How to complete this task
Transcribe the lines below exactly. No image belongs in the transcription.

Source data
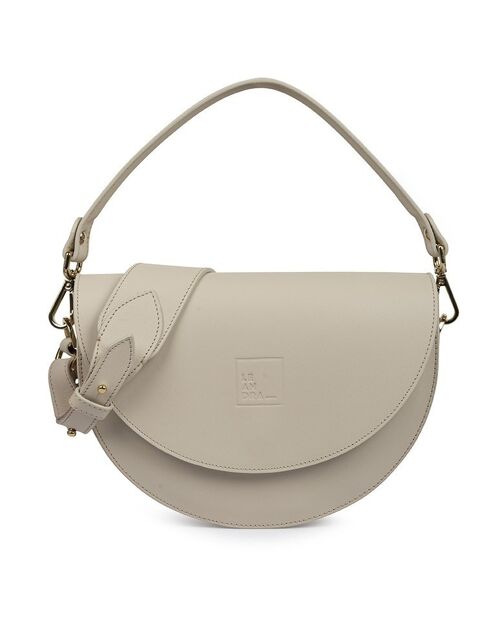 Saddle bag cream taupé de piel Leandra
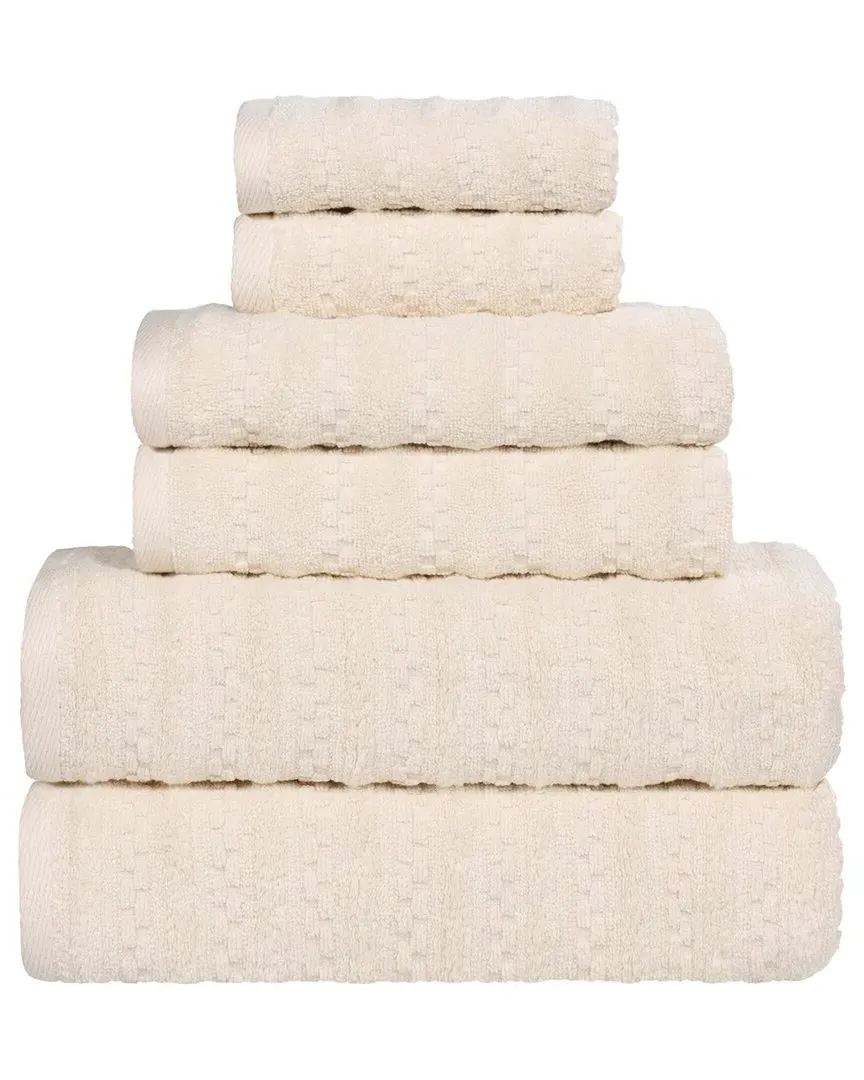 Zuma Zero Twist 6-Piece Towel Set - Ivory, Cotton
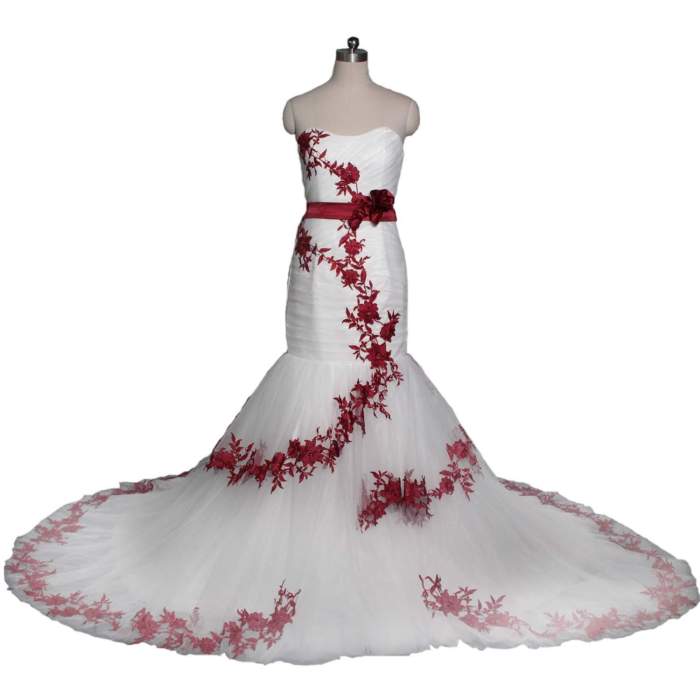 Wedding red dresses white dress accents accent gowns line strapless 2012 color embroidery blue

Solution to the exercise
 Saddle bag cream taupé de piel Leandra
 Zuma Zero Twist 6-Piece Towel Set - Ivory, Cotton
 Wedding red dresses white dress accents accent gowns line strapless 2012 color embroidery blue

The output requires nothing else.